Then you can disconnect the expensive model, and the system keeps running with all those improvements baked in as tested Python scripts. The Sentinel keeps everything ticking over, and you've essentially "distilled" the frontier model's intelligence into your tool library.

Dynamic Environmental Adaptation

The system also responds to data and environmental changes dynamically and cheaply:

graph LR
    A[Environmental Change] --> B[Pattern Detection]
    B --> C{Existing Tool?}
    C -->|Yes| D[Use Cheap Model]
    C -->|No| E[Generate New Tool]
    E --> F[Frontier Model]
    F --> G[Test & Validate]
    G --> H[Add to RAG]
    H --> D
    D --> I[Continue Cheaply]

    style D stroke:#9f6
    style F stroke:#f96
    style I stroke:#9f6

In practice:

  • API format changes? Generate an adapter tool once (expensive), then use it forever (cheap)
  • New data source? Figure out the parser with a smart model, then run it with a dumb one
  • Workflow needs optimising? Have Claude spend 30 seconds thinking about it, save the result as a Python script

You're essentially paying for intelligence upfront, then running on autopilot afterwards. It's like hiring a consultant to fix your processes, except the consultant is an LLM and the fixes are version-controlled Python scripts with test coverage.

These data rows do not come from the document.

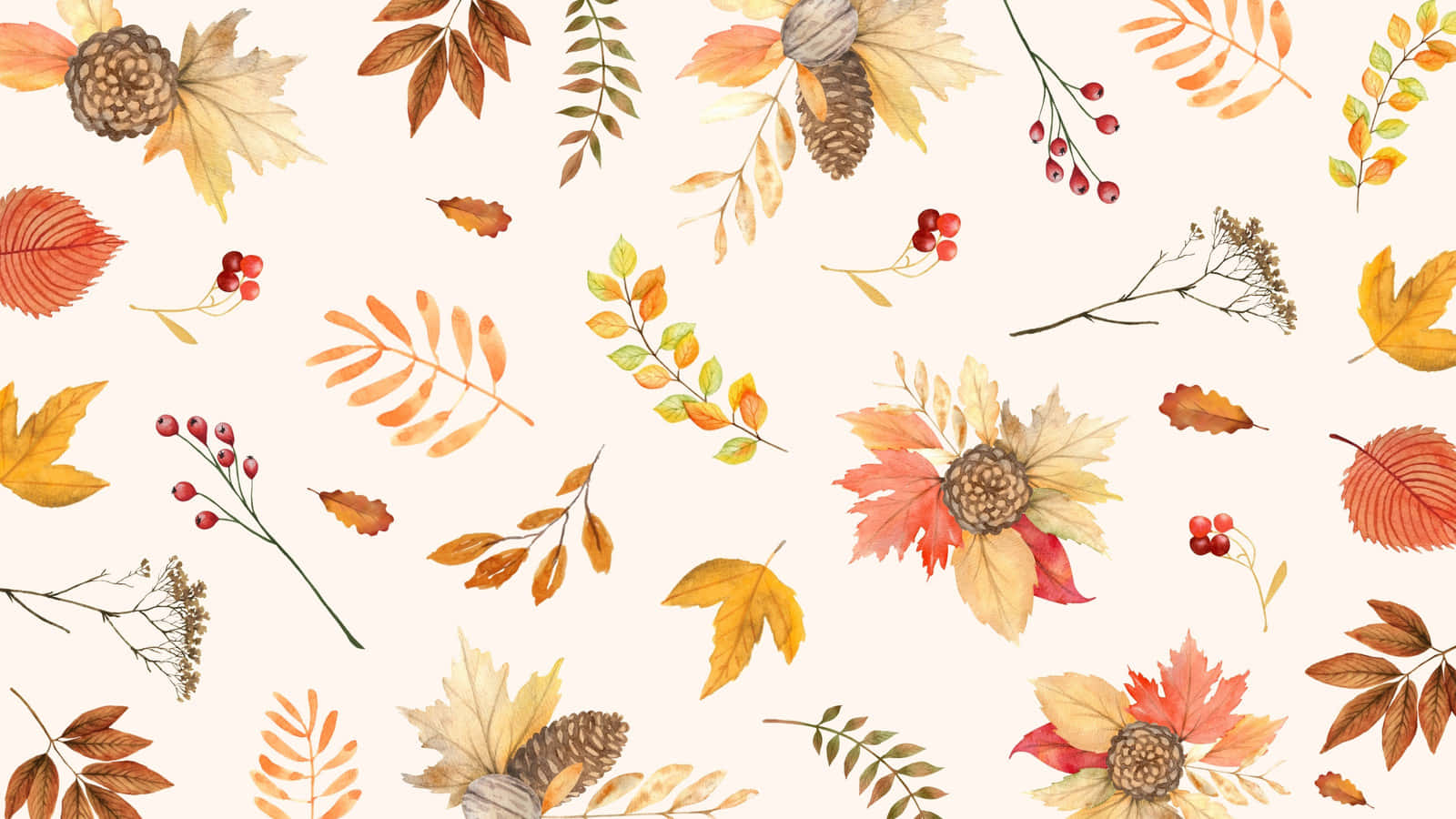 Deciduous Autumn Leaves Cute Fall Pattern Digital Painting Wallpaper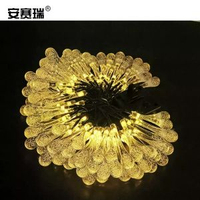 安賽瑞 太陽能燈串  防水八種led燈 水滴 7M 50燈 暖白 766052
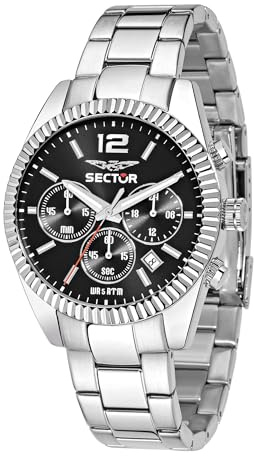 Sector Herrenuhr Chronograph Quarz mit Edelstahlarmband – R3273676003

The graduating workflow concept means you can respond to environmental changes dynamically and maintain a massive system for pennies a day, only escalating to expensive models when you genuinely need them.

AI Didn't Fix the Problem — It Evolved Away From It

Right, let me be clear about what this system actually does, because most AI claims sound like Silicon Valley fairy tales: "The AI noticed everything was down and heroically saved the day!" That's not what happens here. This is more mature than that.

Here's the actual mechanism:

graph TB
    A[Tool in Production] --> B[Fitness Monitoring]
    B --> C[Performance Tracking]
    C --> D{Drift Detected?}
    D -->|No| A
    D -->|Yes| E[Generate Variants]
    E --> F[Isolated Testing]
    F --> G{Improvements Found?}
    G -->|No| A
    G -->|Yes| H[Merge to Tool]
    H --> I[Update Tests]
    I --> J[Update Audit Trail]
    J --> K[Update Provenance]
    K --> A

    style D stroke:#ff9
    style G stroke:#ff9
    style H stroke:#9f6

The system:

  1. Tracks fitness and performance over time – Not just "is it working?" but "is it working as well as it used to?"
  2. Detects very small drifts before anyone would notice – Subtle degradation in accuracy, tiny increases in latency, marginal upticks in error rates
  3. Tests nearby variants safely, in isolation – Generates alternative implementations, runs them through the full test suite, measures their fitness
  4. Merges proven improvements back into the tool – Only after validation, only with full test coverage
  5. Updates the code with tests, audit logs, provenance – Every change is traceable, every improvement is documented
  6. Moves on – No fanfare, no alerts, no drama

It didn't "fix the problem." It simply evolved away from it.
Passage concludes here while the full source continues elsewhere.